Hin­ter dem lan­gen, blu­mi­gen Titel von Micha­el Lan­gers neu­em Band ver­birgt sich eine Anlei­tung zum Solo­spiel mit Hil­fe von Dur- und Moll-Pen­ta­to­nik in ver­schie­de­nen Griff­brett­po­si­tio­nen. Ori­en­tie­ren soll man sich mit Hil­fe des CAGE-Sys­tems, also vier Posi­tio­nen, die von den ein­fa­chen Grund­ak­kor­den C, A, G und E abge­lei­tet wer­den. Ange­hen­de Solo­gi­tar­ris­tIn­nen ler­nen, die Akkor­de in ver­schie­de­nen Ton­ar­ten zu erken­nen und die dazu­ge­hö­ri­ge Ton­lei­ter in der ent­spre­chen­den Posi­ti­on zu fin­den. Zusätz­lich soll die Inter­vall­be­zie­hung der ein­zel­nen Töne zum aktu­el­len Akkord erkannt und gelernt werden.
Damit es nicht bei der Theo­rie bleibt, gibt es zu jeder Lage direkt Anwen­dungs­bei­spie­le mit Licks aus der Ton­lei­ter, die über unter­schied­li­che Akkord­fol­gen gespielt wer­den. Dar­un­ter fin­det sich ein zwölf­tak­ti­ger Blues, der Anfang von Dock Of The Bay und simp­le dia­to­ni­sche Pat­terns wie eine I‑V-VI-IV-Ver­bin­dung. Das Kon­zept, Akkor­de und Ton­lei­tern im Zusam­men­hang zu sehen, ist defi­ni­tiv sinn­voll und schafft es, Licht in das Dun­kel des Griff­bretts zu brin­gen. Auch das Erken­nen der Bezie­hung zwi­schen Melo­dieton und aktu­el­lem Akkord hilft, pas­sen­de und schö­ne oder span­nungs­rei­che Melo­dien zu finden.
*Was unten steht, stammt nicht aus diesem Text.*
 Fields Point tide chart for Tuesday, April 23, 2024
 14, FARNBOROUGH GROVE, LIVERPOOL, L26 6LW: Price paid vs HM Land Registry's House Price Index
Das Ver­spre­chen im Vor­wort, mit­hil­fe des CAGE-Sys­tems „Reduk­ti­on von Kom­ple­xi­tät“ zu errei­chen, wird mei­ner Mei­nung nach nur bedingt erreicht. Anstel­le tra­di­tio­nel­ler Har­mo­nie­leh­re-Begrif­fe wie „A‑Moll Pen­ta­to­nik am 5. Bund über einen A7-Akkord“ tre­ten neue, mit­un­ter ver­wir­ren­de Begriff­lich­kei­ten wie „A‑Moll Pen­ta­to­nik E‑Form“ oder „Mix Pen­ta­to­nik Griff­typ G“, wel­che die Ver­stän­di­gung nicht gera­de erleich­tern. Auch das Erset­zen der Bezeich­nung „Ton­lei­ter Sequenz“ durch das Wort „Check In Run“ hilft in der Sache nur bedingt weiter.
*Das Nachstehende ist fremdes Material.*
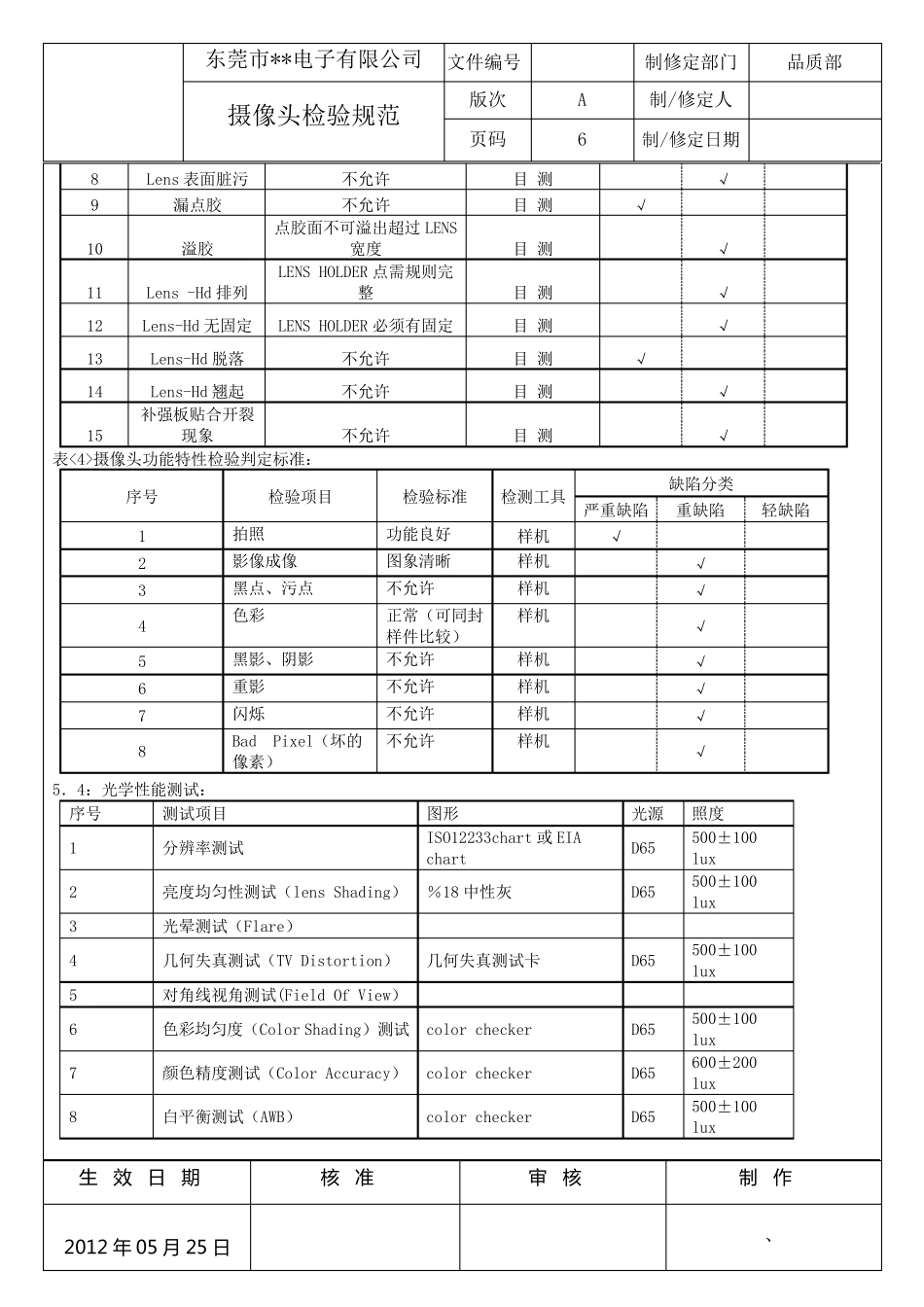 IQC摄像头检验规范_第3页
Die über­mä­ßi­ge Dia­gram­mi­sie­rung ein­zel­ner Posi­tio­nen lässt den Kopf des Rezen­sen­ten rau­chen, obwohl ihm die ver­wen­de­te Ton­lei­ter äußerst geläu­fig ist. Viel­leicht wäre der Umweg über die Jazz-Akkord-Ska­len-Theo­rie für das theo­re­ti­sche Ver­ständ­nis bes­ser gewe­sen… Letzt­end­lich bleibt es Geschmacks­sa­che, ob man den Ersatz von Har­mo­nie­leh­re durch ein neu­es, sehr bild­li­ches Sys­tem ein­fa­cher ver­ständ­lich fin­det als den klas­si­schen Weg.
Im zwei­ten Teil wird das CAGE-Sys­tem auf Akkord­me­lo­die­spiel und Arran­ge­ment ange­wandt. Zu den offe­nen Akkor­den gesel­len sich Drei­klang­sum­keh­run­gen und Sept­ak­kor­de (plus None). Die Arran­ge­ments klin­gen anspre­chend und wäh­len einen typi­schen Weg, um eine Melo­die mit Akkor­den zu spie­len. Nach­hö­ren kann man das in den Audio­tra­cks im Down­load­be­reich. Fazit: Ein Buch mit viel sinn­vol­lem Inhalt und Bei­spie­len, das jedoch manch­mal etwas Bezeich­nungs­wir­warr schafft.